Diğer ilginç isimler arasında Daniel Moreno (KAT), Dan Martin (GAR), Jelle Vanendert (LOT) ile Vacansoleil üçlüsü De Gendt, Poels ve Westra bulunuyorlar. De Gendt'i Stelvio 2012'den beri bekliyoruz, hadi artık Thomas! Dan Martin'in etap kovalayacağını, Tour'a katılamayan Vanendert'in de kendini genel klasmanda göstermeye çalışacağını düşünüyorum. Moreno her zaman dikkat edilmesi gereken harika bir bisikletçi. Domestik görevinden kaytarıp zirve finişlerinden birini almaya çalışırsa şaşırmam. Rodriguez erken patlarsa Katusha'nın ikinci kozu olarak öne çıkacaktır (geçen sene beşinci oldu, boru değil!!). 

Son olarak Thibaut Pinot için bir parantez açalım. TdF'de moralman çöken Fransız yokuşçunun toparlanması için bu yarış çok önemli. Kafasından iniş korkusunu atmış bir Pinot yarışa zevk katar. Ama bu yarışta da beynindeki şeytanlara yenilirse korkarım içinden çıkması zor bir kısır döngüye girip kariyerini tehlikeye atabilir... Aman diyeyim. 
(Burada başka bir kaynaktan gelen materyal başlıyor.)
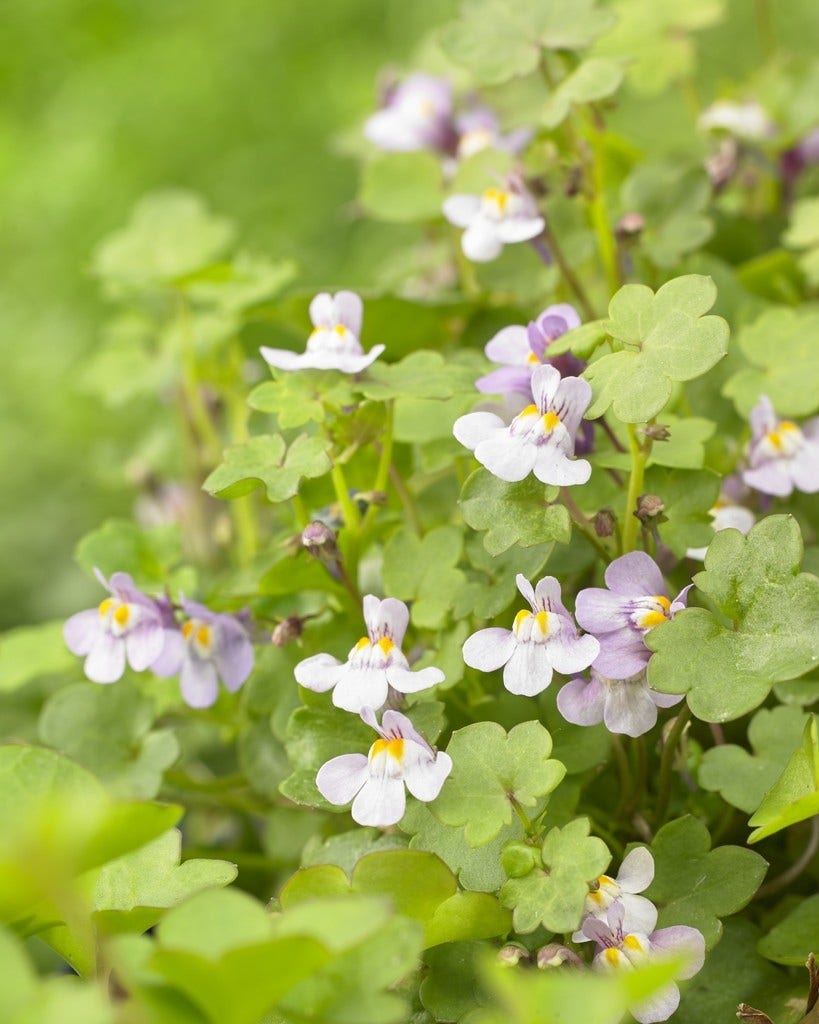 Muurleeuwebek (Cymbalaria muralis)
Siz bakmayın Vuelta'nın ciddiye alınmadığına. Sporcuların en sevdiği Büyük Tur'dur. Stresi az, sade, etap başlangıç saatleri uygun, halk ilgisinin insanı ezmediği, dediğim gibi, alçakgönüllü bir yarıştır. Hatırlayacaksınız, 2012'nin en güzel mücadelesini İspanya'da gördük. Bu sene de farklı olmayacak. Çok favorili açık bir yarış, biz izleyicilerin arayıp da bulamadığı şey. Cumartesi akşam başlıyor. İlgi ve bilginize sunarım!! 
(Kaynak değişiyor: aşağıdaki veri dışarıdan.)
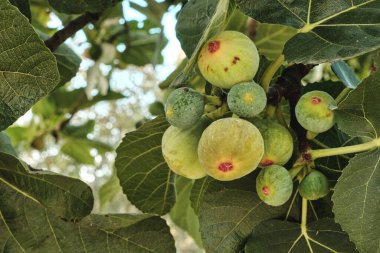 İncir yüklü Ficus carica 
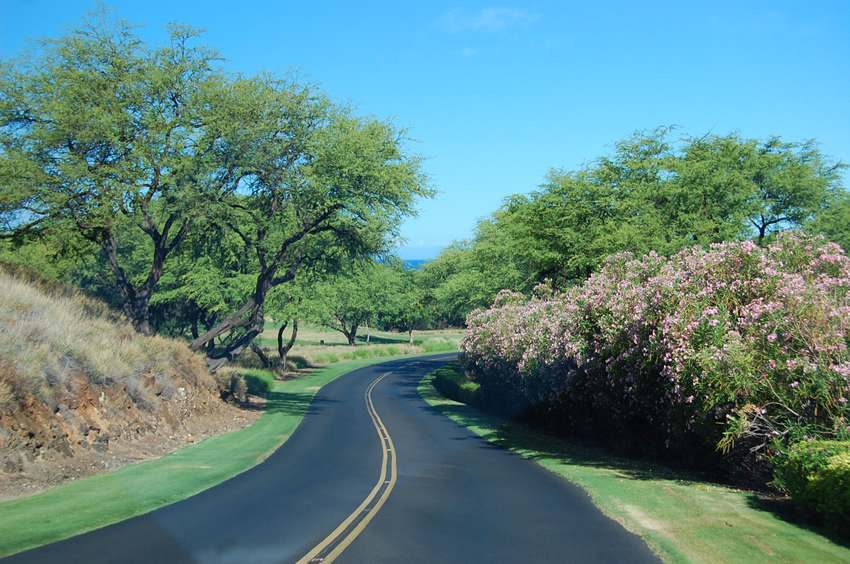 North Kohala Scenic Road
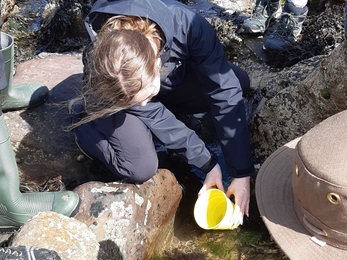 My Local Catch volunteer rocky shore survey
*:Peñas Blancas: İspanya uzmanımız @ata_atay  "penas"'ın aslında "penyas" okunan o üstünde dalga işaretli N harfiyle (Ñ) yazıldığını ve anlamının da "Beyaz Kayalıklar" olduğunu bildirdi. Google'dan iyi mi bilecek??








2 yorum:

  1. Theo Bos'un kortizolü düşük çıkmış, Belkin de Bos'u yarıştırmayacaklarını açıklamış.
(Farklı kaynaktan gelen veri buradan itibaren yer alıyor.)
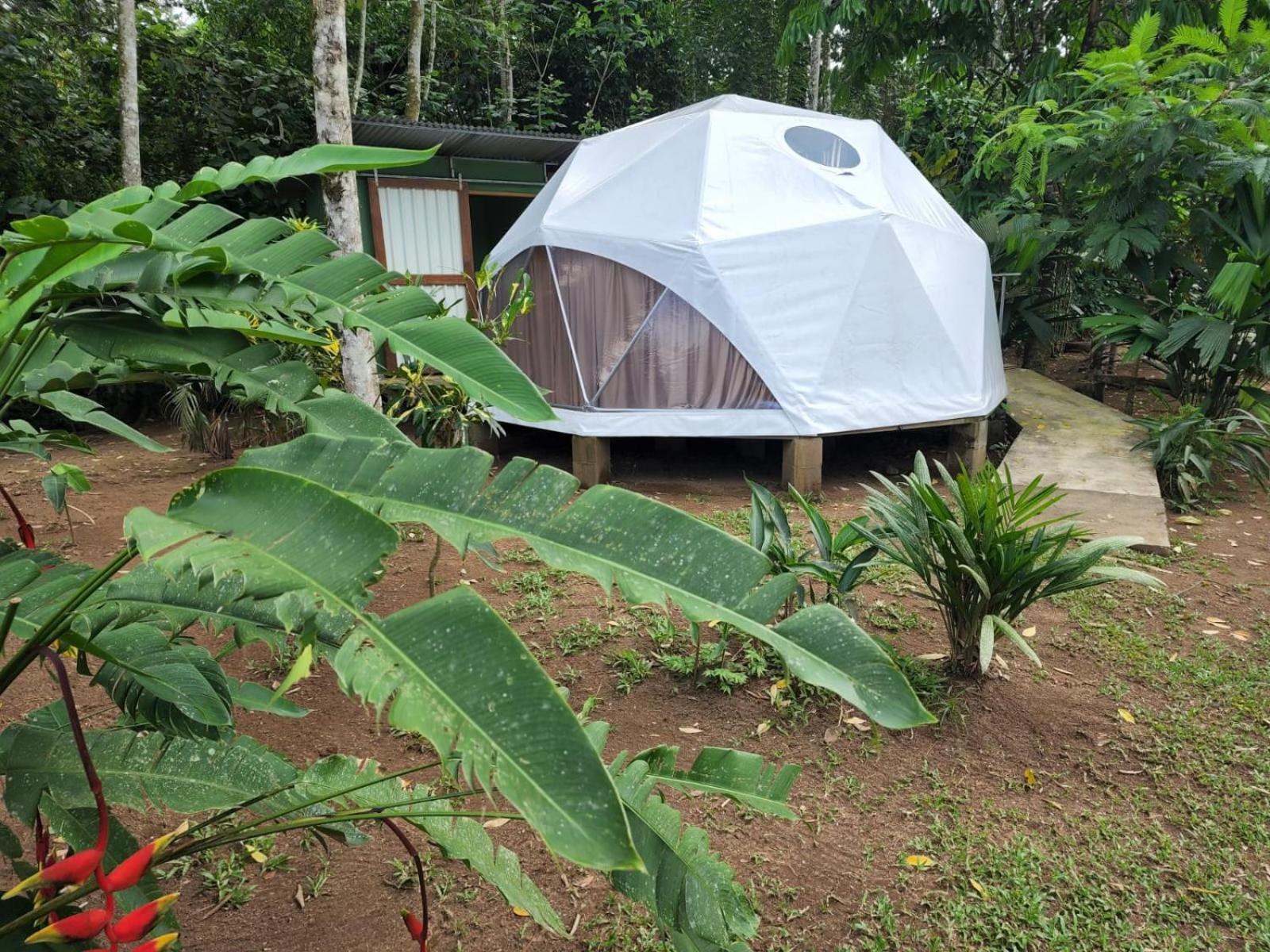 Appartamento Glamping Naioth Guápiles Esterno foto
    Bir de ilk etap için paramı RadioShack'e yatırıyorum.

    YanıtlaSil
  2. Sarper Abi,

    İlk dinlenme gününde yazıyı okudum, Scarponi ve Betancur ortalarda görünmüyor. Diğer isimlerden Daniel Moreno ve Thibaut Pinot en sıkı performans sergileyenler olsa gerek. Ama tabi ki en büyük sürpriz Chris Horner. Tersten bakarsak da yazıda şans vermediğiniz Roche ilk haftanın en hareketli bisikletçilerinden oldu. Neredeyse her etapta kırmızı mayonun el değiştirdiğini düşünürsek Vuelta 2013 de 2012 gibi bir heyecan fırtınası ile devam ediyor. Sonuna kadar böyle gider umarım. İlerleyen aylarda da yarışı gölgeleyecek haberler almayacağımızı umalım.